Tens of thousands of Jewish pilgrims are in Ukraine despite the war

by time news

“In a Jewish pilgrimage town in Ukraine, mermaids are part of the show,” headlines the israeli newspaper Ha’Aretz. One of his reporters traveled to Uman, in central Ukraine, where Hasidic Jews go to honor the grave of a famous 18th-century rabbi every year.e and XIXe centuries, for the feast of Rosh ha-Shana.

“Despite repeated warnings from Israeli, Ukrainian and US authorities,” add the log, “more than 23,000 pilgrims were in Uman on Sunday morning, according to the United Jewish Community of Ukraine”. Rosh ha-Shana, the celebration of the Hebrew New Year, began on the evening of Sunday, September 25 and will end on the evening of Tuesday, September 27.

“Although Uman, away from the front, is considered relatively safe, Ukrainian and Israeli officials have warned that it could be hit by missiles,” Explain The Wall Street Journal, in the USA. In the absence of civilian flights to Ukraine, pilgrims had to “land in Moldova or Poland before crossing the land border”.

A joyful fervor

Since the end of the USSR, these very pious Jews have become much more numerous to make the pilgrimage. “The faithful dance with exaltation, recite psalms chosen to make acts of repentance and engage in a solitary dialogue with God […]. During Rosh has-Shana, tents serving as synagogues pop up in the streets near the grave site; some are big enough to hold thousands of people,” tells the newspaper from testimonies.

Rabbi Nahman “preached a mystical Judaism emphasizing the spiritual immanence of God, with fervent and joyful worship. […] He asked his disciples to visit him in the new year”, adds the log. If these followers today are ultra-Orthodox, “his teachings permeate wider religious popular culture in Israel”.
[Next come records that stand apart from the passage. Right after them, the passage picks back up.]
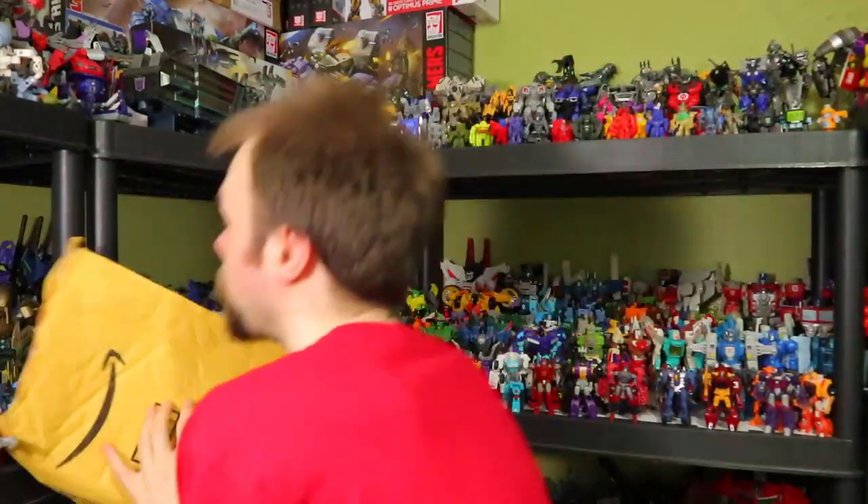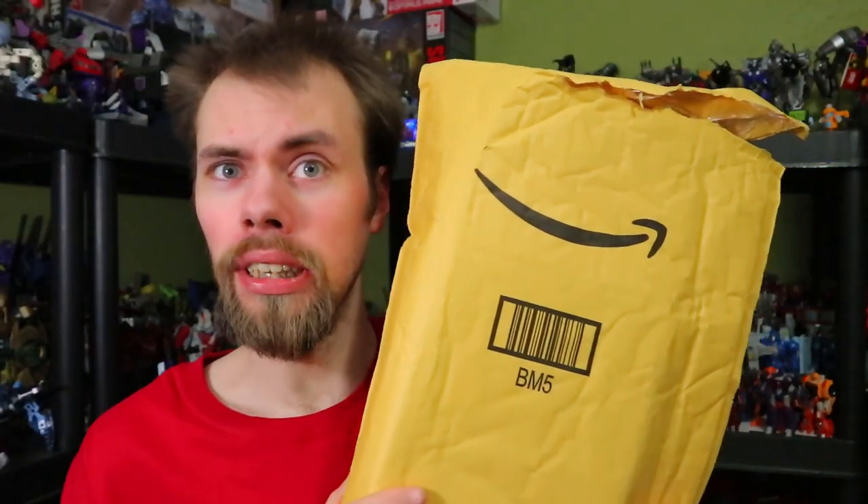Well, well, well, what's up. I'm Brian here doing another video for you guys, and this time we've got another Amazon package.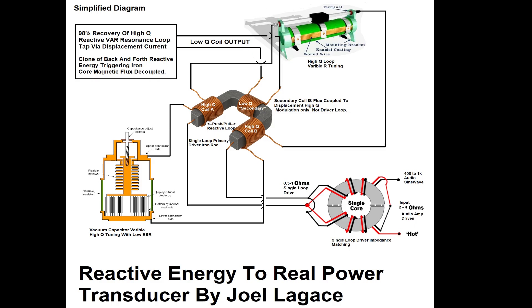At the core of this system is a single-loop iron conductor which acts both as an active current-carrying loop and as a magnetic flux core. This dual role creates a hybrid behavior enabling simultaneous support of displacement current-based resonance and traditional magnetic flux coupling.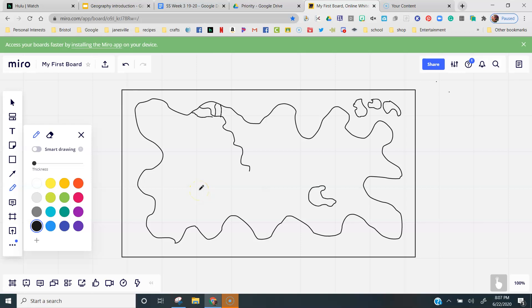The last thing we're going to draw is three small letter V's, all in a cluster, somewhere on your shape.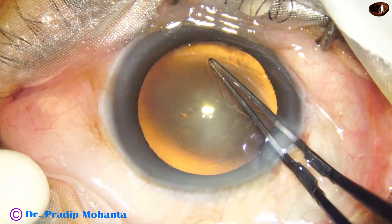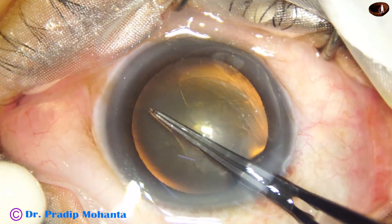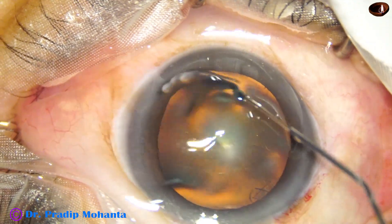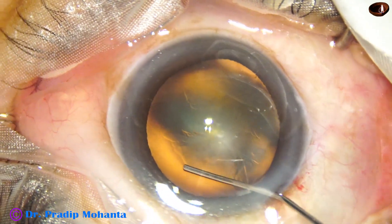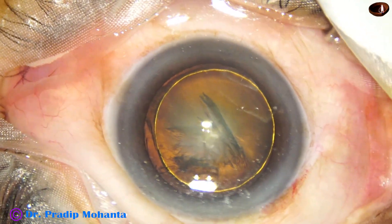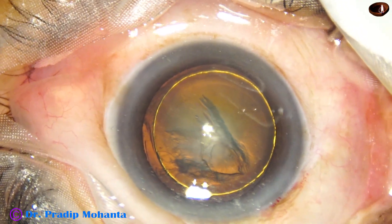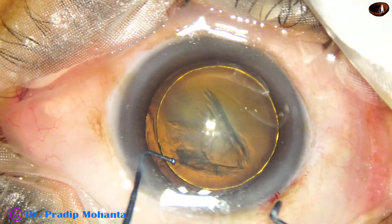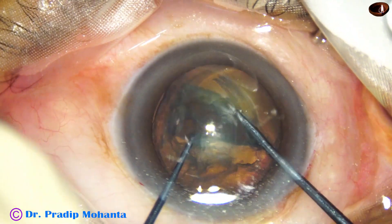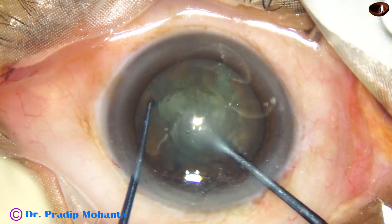First I will use the longer nucleus sustainer, and then for management of the rest of the nucleus I will use the previous 1.7mm nucleus sustainer. Please watch carefully. Hydrodissection is done after capsulorexis. We have got a beautiful golden ring because of hydrodelineation. Now here goes the 1.9mm nucleus sustainer — the pre-chopper tip length is 1.8mm, so it is a little longer than the pre-chopper.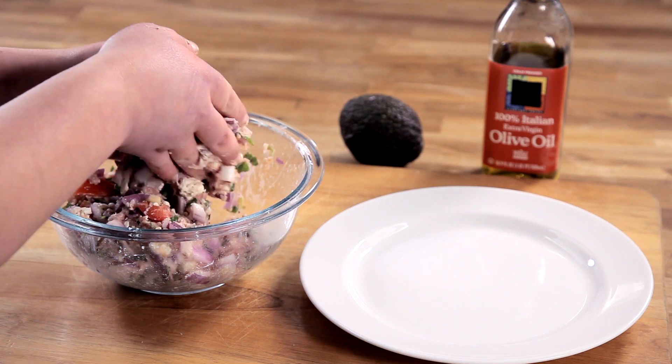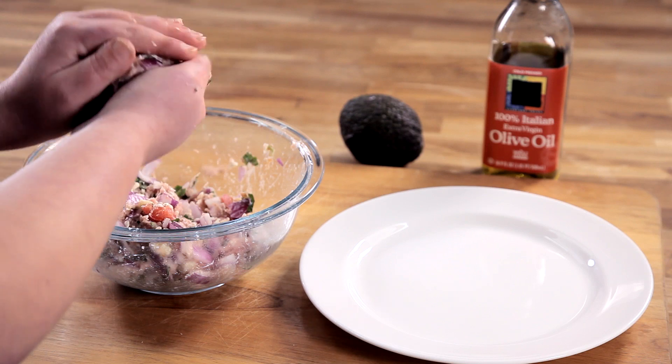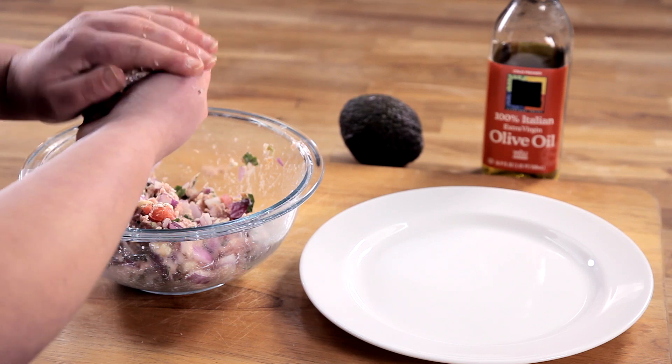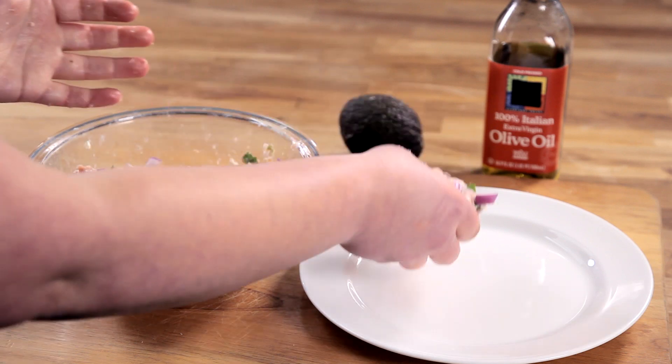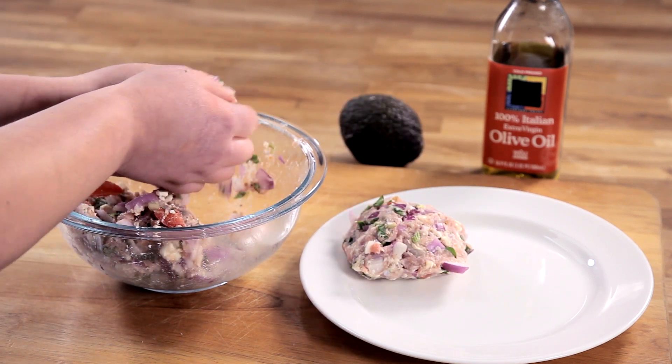Use your hands to form four patties out of the mixture. Transfer the patties to a clean plate and make sure to wash your hands thoroughly.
If the crowds were a little less compact than in other years, the streets and the great synagogue of the city were still filled, testifies the journalist of Ha’Aretz. Saturday morning, as worshipers sang and danced in the synagogue housing the tomb, in a “chaotic mix” between different Sephardic and Ashkenazi groups, “nobody seemed bothered by the noise or even by the air raid sirens that pierced the din from time to time”, reports the Israeli newspaper.

“At the evening service […] no one even looked up when the sheltering alert sounded.”